Material shown section start
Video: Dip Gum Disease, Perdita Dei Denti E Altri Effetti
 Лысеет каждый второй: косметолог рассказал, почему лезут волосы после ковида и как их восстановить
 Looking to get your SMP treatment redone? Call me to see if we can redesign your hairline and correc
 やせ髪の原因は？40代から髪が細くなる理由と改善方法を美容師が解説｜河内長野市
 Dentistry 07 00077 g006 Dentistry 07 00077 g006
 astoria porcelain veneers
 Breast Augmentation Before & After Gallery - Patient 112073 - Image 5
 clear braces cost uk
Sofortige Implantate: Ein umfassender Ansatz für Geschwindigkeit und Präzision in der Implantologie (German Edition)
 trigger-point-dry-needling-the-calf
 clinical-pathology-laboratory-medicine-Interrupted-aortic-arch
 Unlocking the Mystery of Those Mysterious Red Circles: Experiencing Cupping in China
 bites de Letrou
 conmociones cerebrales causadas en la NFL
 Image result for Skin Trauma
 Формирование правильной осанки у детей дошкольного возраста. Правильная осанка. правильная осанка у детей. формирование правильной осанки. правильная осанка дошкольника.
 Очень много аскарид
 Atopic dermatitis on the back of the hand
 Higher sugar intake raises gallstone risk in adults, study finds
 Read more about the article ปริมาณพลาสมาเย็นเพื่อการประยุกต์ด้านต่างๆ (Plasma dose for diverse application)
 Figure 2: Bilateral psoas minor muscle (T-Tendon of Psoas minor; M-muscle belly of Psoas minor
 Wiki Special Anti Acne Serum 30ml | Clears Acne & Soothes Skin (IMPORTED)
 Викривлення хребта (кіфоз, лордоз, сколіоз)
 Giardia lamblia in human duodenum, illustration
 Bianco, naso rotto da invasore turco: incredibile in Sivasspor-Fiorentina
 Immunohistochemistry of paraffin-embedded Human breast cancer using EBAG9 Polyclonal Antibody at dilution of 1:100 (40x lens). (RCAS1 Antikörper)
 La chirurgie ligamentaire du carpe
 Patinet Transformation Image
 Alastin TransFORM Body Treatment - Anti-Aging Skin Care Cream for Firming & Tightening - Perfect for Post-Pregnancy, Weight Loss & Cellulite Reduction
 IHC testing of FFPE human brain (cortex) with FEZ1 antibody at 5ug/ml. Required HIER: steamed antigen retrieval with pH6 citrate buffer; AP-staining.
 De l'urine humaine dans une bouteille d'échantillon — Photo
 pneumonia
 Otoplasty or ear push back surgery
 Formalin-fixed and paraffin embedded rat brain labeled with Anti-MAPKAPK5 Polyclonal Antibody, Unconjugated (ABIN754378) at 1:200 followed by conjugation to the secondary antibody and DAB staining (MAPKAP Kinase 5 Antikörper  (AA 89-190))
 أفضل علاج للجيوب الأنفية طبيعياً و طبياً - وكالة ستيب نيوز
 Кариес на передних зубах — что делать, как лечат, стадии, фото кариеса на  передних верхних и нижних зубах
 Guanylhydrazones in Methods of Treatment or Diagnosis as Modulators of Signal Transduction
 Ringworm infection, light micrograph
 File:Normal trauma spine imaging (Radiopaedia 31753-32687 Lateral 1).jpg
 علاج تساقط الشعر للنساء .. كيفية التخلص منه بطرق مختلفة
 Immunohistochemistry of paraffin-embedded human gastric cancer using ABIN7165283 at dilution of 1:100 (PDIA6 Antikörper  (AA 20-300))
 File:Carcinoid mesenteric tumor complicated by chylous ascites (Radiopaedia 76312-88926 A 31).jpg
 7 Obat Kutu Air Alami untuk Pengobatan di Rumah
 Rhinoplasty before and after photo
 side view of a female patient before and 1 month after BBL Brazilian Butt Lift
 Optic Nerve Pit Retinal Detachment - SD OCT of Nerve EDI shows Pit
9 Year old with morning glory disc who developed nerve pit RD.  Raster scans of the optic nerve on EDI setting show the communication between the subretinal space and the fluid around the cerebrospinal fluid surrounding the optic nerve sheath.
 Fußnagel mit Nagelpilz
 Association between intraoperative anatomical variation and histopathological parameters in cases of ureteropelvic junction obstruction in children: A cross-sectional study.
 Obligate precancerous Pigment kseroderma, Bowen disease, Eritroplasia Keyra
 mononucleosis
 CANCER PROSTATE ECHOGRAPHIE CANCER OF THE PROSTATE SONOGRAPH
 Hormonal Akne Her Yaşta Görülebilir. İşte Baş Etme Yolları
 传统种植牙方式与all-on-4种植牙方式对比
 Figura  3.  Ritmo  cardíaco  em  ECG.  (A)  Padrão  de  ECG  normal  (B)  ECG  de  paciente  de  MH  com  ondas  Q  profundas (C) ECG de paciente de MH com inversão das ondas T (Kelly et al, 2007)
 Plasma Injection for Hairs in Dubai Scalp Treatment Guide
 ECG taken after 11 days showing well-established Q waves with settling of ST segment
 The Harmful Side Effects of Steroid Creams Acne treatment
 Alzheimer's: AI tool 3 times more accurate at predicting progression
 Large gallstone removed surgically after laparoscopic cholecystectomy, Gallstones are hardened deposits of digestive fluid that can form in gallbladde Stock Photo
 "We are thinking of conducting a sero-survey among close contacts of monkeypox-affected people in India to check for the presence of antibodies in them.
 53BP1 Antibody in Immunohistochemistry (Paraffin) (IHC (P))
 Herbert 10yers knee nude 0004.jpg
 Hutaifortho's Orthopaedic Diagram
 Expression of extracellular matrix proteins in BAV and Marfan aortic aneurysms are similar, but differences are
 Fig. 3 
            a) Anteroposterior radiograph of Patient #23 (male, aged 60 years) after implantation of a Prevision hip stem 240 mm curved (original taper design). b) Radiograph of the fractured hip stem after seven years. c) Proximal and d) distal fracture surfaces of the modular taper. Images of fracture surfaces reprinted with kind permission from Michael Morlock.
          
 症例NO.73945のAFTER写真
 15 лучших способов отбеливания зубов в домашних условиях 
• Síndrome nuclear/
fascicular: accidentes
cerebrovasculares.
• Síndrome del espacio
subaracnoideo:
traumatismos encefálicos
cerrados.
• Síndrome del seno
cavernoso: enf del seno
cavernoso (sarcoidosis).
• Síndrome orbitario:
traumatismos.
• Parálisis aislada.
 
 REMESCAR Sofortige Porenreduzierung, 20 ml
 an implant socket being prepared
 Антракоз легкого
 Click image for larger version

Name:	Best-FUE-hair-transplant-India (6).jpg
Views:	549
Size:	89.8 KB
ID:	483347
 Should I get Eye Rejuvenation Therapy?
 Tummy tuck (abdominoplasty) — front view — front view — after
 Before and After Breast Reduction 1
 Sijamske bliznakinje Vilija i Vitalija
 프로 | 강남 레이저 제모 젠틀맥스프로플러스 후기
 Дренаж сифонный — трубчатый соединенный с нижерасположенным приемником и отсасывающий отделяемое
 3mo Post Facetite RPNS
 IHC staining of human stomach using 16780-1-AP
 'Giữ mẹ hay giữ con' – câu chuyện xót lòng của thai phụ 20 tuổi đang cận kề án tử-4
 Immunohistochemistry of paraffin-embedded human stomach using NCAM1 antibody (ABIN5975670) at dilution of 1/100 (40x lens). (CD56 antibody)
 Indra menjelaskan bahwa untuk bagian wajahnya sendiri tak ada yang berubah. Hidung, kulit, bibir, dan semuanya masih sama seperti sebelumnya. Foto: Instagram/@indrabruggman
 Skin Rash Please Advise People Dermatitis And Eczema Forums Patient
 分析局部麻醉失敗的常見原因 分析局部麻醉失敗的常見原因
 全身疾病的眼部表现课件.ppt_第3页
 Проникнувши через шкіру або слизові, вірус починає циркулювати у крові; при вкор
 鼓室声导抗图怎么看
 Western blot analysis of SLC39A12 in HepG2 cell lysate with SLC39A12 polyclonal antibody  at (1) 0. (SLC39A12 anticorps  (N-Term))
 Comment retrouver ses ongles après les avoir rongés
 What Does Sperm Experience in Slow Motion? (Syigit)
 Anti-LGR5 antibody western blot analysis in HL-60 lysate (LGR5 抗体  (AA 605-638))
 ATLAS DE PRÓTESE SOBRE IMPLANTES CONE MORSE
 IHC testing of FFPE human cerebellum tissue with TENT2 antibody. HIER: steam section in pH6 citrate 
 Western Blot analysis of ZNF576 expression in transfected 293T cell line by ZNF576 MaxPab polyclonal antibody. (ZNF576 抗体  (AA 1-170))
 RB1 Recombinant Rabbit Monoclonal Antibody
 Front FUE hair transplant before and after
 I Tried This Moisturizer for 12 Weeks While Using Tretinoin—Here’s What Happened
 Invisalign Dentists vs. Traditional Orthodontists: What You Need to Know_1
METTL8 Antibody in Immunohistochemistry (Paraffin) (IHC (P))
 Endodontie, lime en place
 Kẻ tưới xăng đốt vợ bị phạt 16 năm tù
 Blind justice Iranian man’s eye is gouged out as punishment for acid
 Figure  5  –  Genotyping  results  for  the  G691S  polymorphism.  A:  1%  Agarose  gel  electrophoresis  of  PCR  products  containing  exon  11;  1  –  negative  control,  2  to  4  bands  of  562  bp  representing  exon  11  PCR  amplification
Material shown section end
## Work item
Could you write out, exactly as they stand, only the lines above that begin at the line with "Patinet Transformation Image" and stop after the line with "Immunohistochemistry of paraffin-embedded human gastric"?

## Exercise result
 Patinet Transformation Image
 Alastin TransFORM Body Treatment - Anti-Aging Skin Care Cream for Firming & Tightening - Perfect for Post-Pregnancy, Weight Loss & Cellulite Reduction
 IHC testing of FFPE human brain (cortex) with FEZ1 antibody at 5ug/ml. Required HIER: steamed antigen retrieval with pH6 citrate buffer; AP-staining.
 De l'urine humaine dans une bouteille d'échantillon — Photo
 pneumonia
 Otoplasty or ear push back surgery
 Formalin-fixed and paraffin embedded rat brain labeled with Anti-MAPKAPK5 Polyclonal Antibody, Unconjugated (ABIN754378) at 1:200 followed by conjugation to the secondary antibody and DAB staining (MAPKAP Kinase 5 Antikörper  (AA 89-190))
 أفضل علاج للجيوب الأنفية طبيعياً و طبياً - وكالة ستيب نيوز
 Кариес на передних зубах — что делать, как лечат, стадии, фото кариеса на  передних верхних и нижних зубах
 Guanylhydrazones in Methods of Treatment or Diagnosis as Modulators of Signal Transduction
 Ringworm infection, light micrograph
 File:Normal trauma spine imaging (Radiopaedia 31753-32687 Lateral 1).jpg
 علاج تساقط الشعر للنساء .. كيفية التخلص منه بطرق مختلفة
 Immunohistochemistry of paraffin-embedded human gastric cancer using ABIN7165283 at dilution of 1:100 (PDIA6 Antikörper  (AA 20-300))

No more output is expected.